# Need help feeding



## shadownet (Mar 7, 2005)

Okay.....I'm trying to get crickets.But my little one isn't eating the dead mantis.He started him but didn't finish.What the heck are pinhead crickets?I can get crickets but I have no clue what kind they are.Sorry for any stupid thing i've said by the way..I'm new at this and very frustrating.... :lol: :lol: Please reply.I have no where to turn...

Shadownet


----------



## Rick (Mar 7, 2005)

Pinhead crickets are tiny, very young (newly born) crickets.


----------



## shadownet (Mar 8, 2005)

Are Field crickets okay?


----------



## shadownet (Mar 8, 2005)

I also heard on a site if you put food in there face they'll eat it.Is this true?


----------



## jonballs (Mar 8, 2005)

look at the size of your nymph if the "feild cricket" is bigger it aint gonner fit, i only feed fruit flys and micro/pinhead crickets to my nymphs, as to feeding by hand.... good luck ........ i`ve never had a lot of sucsess with this method and have onlt tryed it with full grown or sub adut

keep us all posted as i`m sure a lot of us are following this topic with interest.

jon


----------



## Rick (Mar 8, 2005)

Doubt you will be able to hand feed a tiny nymph. It's fairly easy on a larger mantis.


----------



## Chris Dickie (Mar 8, 2005)

I agree with what everybody has said

I see no reason why you have problems with hand feeding Jon, I done it last night

As Rick said it could be tricky as the mantid is so small

As a last resort only try it, I mean if the mantid will not eat on its own. With a small nymph it would probably be easier to use tweezers to hold the cricket. Then place the cricket at the mantids mouth. If it doesn't start eating squash the cricket slightly so some of its insides are outside its body, then place these at the nymphs mouth, this should get it to eat. The biggest problems I find are that some are lazy and don't grasp the cricket for a while, other problem is then getting the mantid back in its cage without making it drop its food. With a little practice its pretty easy

P.S. Make sure the nymph is not dehydrated before trying to feed, make sure you sprayed it earlier in the day or the day before as many mantids will not eat if they are thirsty in my experience


----------



## dakota (Mar 8, 2005)

i have managed to do it but it was really hard, my nymphs are L1 and L2

and they are a hand full any ways it is best not to hand feed them.

good luck!

thanks,

dakota


----------



## Macano (Mar 8, 2005)

I've also never been able to handfeed small mantids. I've only had luck doing that when they are larger, when it's pointless anyway as they don't need it then.

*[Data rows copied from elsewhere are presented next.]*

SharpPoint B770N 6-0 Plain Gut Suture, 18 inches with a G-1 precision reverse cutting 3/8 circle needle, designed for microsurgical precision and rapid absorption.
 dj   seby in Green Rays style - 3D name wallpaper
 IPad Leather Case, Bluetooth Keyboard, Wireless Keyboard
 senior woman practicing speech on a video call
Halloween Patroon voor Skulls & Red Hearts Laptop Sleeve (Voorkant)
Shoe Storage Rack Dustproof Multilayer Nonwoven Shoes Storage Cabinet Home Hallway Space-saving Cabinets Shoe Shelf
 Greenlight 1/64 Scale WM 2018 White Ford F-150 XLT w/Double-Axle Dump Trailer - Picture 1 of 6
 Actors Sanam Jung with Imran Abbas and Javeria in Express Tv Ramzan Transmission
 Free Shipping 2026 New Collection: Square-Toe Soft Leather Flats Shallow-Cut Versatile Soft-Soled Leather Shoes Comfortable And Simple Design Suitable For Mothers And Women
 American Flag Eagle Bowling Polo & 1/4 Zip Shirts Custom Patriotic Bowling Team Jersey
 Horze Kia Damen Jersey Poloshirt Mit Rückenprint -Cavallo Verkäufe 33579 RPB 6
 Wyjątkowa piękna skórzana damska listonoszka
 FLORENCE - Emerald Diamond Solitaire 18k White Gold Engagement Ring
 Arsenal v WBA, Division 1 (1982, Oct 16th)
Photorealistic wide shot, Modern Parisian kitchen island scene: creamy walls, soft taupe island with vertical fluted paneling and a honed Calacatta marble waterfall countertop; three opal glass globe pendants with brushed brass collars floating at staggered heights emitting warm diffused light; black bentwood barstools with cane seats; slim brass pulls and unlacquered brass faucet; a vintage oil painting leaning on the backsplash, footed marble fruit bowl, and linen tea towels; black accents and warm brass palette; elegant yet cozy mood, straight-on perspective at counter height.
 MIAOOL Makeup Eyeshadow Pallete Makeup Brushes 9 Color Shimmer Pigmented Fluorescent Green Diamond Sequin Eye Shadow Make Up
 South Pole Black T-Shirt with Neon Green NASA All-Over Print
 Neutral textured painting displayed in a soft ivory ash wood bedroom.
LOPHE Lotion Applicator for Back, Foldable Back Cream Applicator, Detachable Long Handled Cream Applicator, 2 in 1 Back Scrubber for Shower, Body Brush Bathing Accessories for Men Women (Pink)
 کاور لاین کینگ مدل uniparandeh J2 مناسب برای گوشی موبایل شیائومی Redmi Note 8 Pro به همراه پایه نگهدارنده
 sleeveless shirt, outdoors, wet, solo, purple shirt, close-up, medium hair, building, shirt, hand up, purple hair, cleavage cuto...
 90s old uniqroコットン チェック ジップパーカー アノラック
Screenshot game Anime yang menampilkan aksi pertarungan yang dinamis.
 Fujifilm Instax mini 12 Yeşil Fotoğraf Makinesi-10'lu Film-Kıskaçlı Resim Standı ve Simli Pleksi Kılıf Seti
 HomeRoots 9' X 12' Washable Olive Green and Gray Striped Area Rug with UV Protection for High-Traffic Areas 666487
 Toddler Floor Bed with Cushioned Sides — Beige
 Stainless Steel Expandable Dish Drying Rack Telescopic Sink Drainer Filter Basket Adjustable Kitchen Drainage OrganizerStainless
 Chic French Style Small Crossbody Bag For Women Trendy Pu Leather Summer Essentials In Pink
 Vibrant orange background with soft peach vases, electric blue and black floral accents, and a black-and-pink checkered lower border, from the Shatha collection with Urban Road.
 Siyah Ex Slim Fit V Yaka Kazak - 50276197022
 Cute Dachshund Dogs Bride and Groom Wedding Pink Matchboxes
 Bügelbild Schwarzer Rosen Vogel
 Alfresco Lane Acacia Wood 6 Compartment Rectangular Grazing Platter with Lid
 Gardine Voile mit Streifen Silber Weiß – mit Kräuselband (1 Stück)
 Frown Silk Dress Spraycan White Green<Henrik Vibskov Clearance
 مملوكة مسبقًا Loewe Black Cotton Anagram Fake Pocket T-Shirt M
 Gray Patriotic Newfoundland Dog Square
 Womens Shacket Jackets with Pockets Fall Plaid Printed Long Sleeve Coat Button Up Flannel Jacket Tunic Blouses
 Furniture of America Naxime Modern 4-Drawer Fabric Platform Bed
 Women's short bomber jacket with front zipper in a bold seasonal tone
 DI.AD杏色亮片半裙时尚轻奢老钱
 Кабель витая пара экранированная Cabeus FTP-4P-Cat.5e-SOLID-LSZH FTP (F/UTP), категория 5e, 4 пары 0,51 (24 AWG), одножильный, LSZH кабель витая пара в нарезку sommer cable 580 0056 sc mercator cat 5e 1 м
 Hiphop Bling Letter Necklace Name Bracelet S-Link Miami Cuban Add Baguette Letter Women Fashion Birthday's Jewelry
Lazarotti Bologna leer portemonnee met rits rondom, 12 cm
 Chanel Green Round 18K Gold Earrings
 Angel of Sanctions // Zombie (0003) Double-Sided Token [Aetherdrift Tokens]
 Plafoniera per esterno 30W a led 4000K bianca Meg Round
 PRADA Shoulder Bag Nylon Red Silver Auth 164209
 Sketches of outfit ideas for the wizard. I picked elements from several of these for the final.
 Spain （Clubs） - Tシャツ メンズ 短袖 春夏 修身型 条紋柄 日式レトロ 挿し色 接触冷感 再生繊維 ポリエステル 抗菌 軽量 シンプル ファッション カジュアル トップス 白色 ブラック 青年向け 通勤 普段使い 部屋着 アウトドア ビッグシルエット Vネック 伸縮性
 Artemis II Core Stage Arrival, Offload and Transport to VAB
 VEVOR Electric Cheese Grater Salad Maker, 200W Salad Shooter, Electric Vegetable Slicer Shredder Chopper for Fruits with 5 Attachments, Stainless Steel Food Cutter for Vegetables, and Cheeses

Pinhead crickets are tiny. Go to this page to see an approximate size of a pinhead cricket: http://www.southerncricket.com/supplies.html


----------



## Guest (Mar 8, 2005)

To be honest with you shadownet, I can see no hope whatsoever with handfeeding a small nymph,as the tweezers or your feeders, or whatever holding impliment, will scare it rather than attract it. Oothecae produce so many mantids, it almost seems pointless trying to handrear them, but if you get on with it, then good luck!

Cheers,

Ian


----------



## shadownet (Mar 8, 2005)

I hand fed mine last night..He eat most of it but droped the rest...Thanks for the help..I'm trying to see if the pet shop I go to has microcrickets or pinhead crickets...


----------



## shadownet (Mar 8, 2005)

He's eating the ant finaly!!!!!!!  He's growin' up so fast  It seems like yesterday I saw him for the first time....i'm sorry


----------



## FieroRumor (Mar 25, 2005)

I've been able to handfeed 'em, but when they are small, it IS tough. Once they get larger, they will readily eat anything you wiggle in front of 'em.


----------



## MicroMantis (Mar 26, 2005)

great news, congradulations on the new pet, you scared us sick about how much you posted about him, you must really like your new pet.


----------



## Carlangas (Apr 6, 2005)

if the mantis is on th e bottom or top of the cup just tap the cup to get the bug by the mantis, and 90% of the time it will grab it. Trying to handle the mantis is hard let alone trying to feed it. Especially with a L1.


----------